Find the minimum value of \frac{x^2}{x - 1 + x^3} for x > 1
We start by getting a common denominator, to rewrite the denominator of the expression $\frac{x^2}{x-1+x^3}$. Combining like terms, we get \[
\begin{aligned} x-1 + x^3 &= -1+x+x^3 \\&= -1+x^3+x. \end{aligned}
\]Using the Simon's Favorite Factoring Trick, we add and subtract 1 to obtain \[
\begin{aligned} -1+x^3+x &= -1+1+x+x^3 \\ &= (x^3+x) + 1 + (-1) \\ &= x^2(x) + x^2(1/x) +1 +(-1). \end{aligned}
\]Using this factorization, we rewrite the original expression as \[
\frac{x^2}{-1+x^3+x} = \frac{x^2(x)}{-1+x^3+x} = \frac{x^3}{x^3 + x + (-1)}.

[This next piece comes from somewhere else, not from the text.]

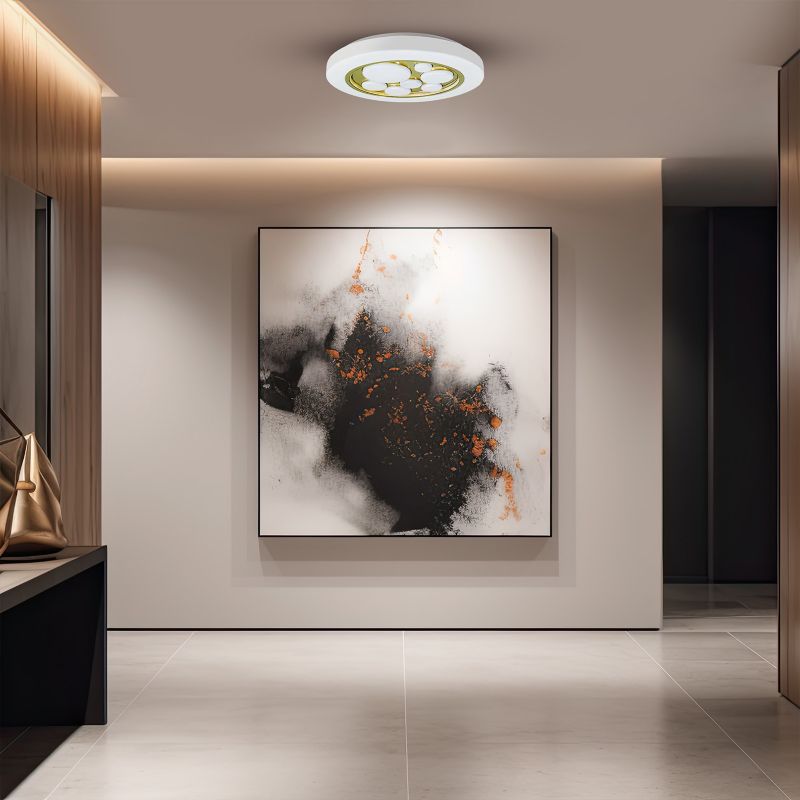 LED-plafond Milagro Bubbles 30 W i guld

\]We can then rewrite the fraction as \[
\frac{x^3}{x^3 + x + (-1)} = \frac{x^3 + x + (-1) - (x+(-1))}{x^3 + x + (-1)} = \frac{x^3 + x + (-1)}{x^3 + x + (-1)} - \frac{x+(-1)}{x^3 + x + (-1)}.
\]Simplifying, we get \[
\frac{x^3 + x + (-1)}{x^3 + x + (-1)} - \frac{x+(-1)}{x^3 + x + (-1)} = 1 - \frac{x+(-1)}{x^3 + x + (-1)}.
\]Notice that the denominator of $1$ is positive for $x >1 ,$ and we know that $x + (-1)>0$ since $x > 1$. Hence $1 - \frac{x+(-1)}{x^3 + x + (-1)} > 1-1 = 0$ for $x > 1$. This means that for all $x>1$, $\frac{x^2}{x-1+x^3} = 1 - \frac{x+(-1)}{x^3 + x + (-1)} > 0$.
We can actually compute the value of this expression as $\boxed{0}$. (Notice that as $x\to 1^+$, the expression grows arbitrarily large.)